# Work to be completed
What is wanted is the full listing, word for word, without its pictures.
┌─ Input data
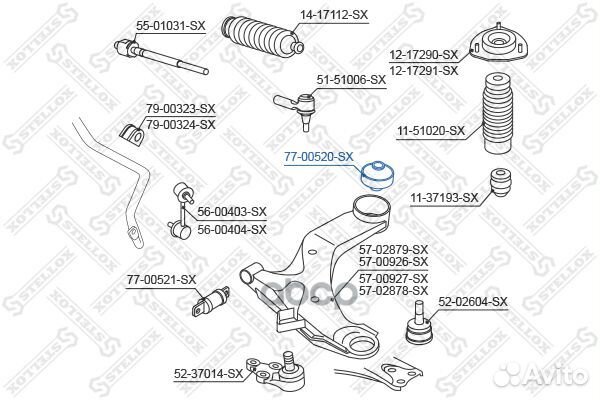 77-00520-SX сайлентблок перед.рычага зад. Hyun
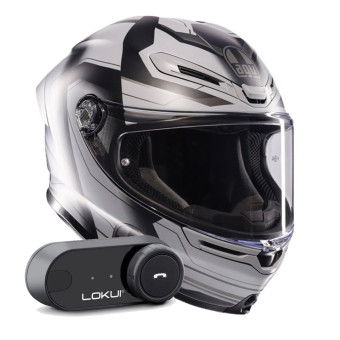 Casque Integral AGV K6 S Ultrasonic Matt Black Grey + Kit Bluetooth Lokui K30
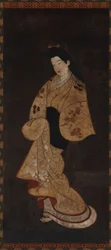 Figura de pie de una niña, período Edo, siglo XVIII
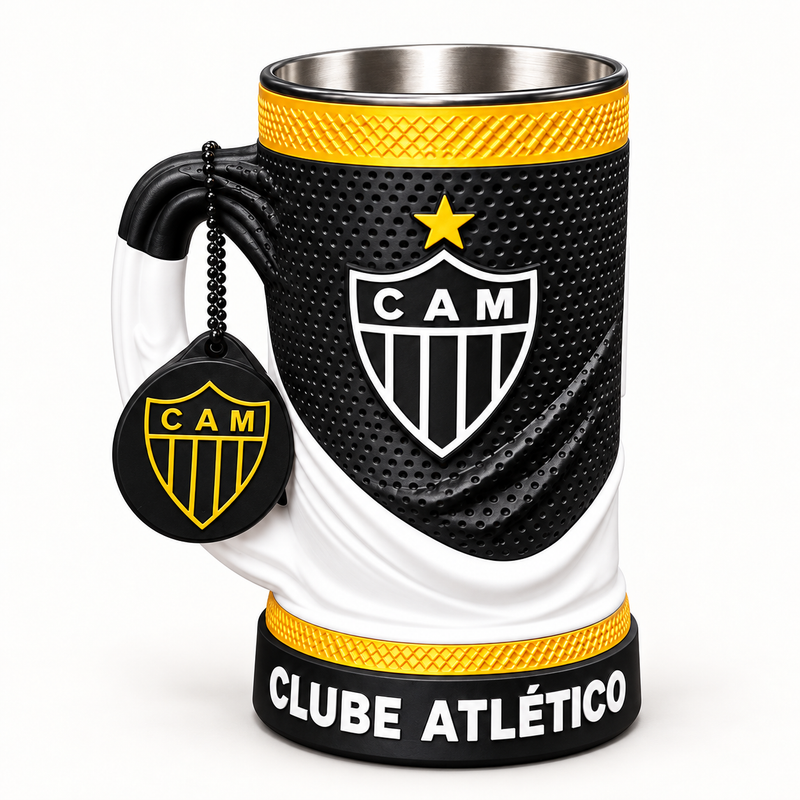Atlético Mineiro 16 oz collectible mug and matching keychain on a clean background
└─
# Solved exercise
 77-00520-SX сайлентблок перед.рычага зад. Hyun
 Casque Integral AGV K6 S Ultrasonic Matt Black Grey + Kit Bluetooth Lokui K30
 Figura de pie de una niña, período Edo, siglo XVIII
Atlético Mineiro 16 oz collectible mug and matching keychain on a clean background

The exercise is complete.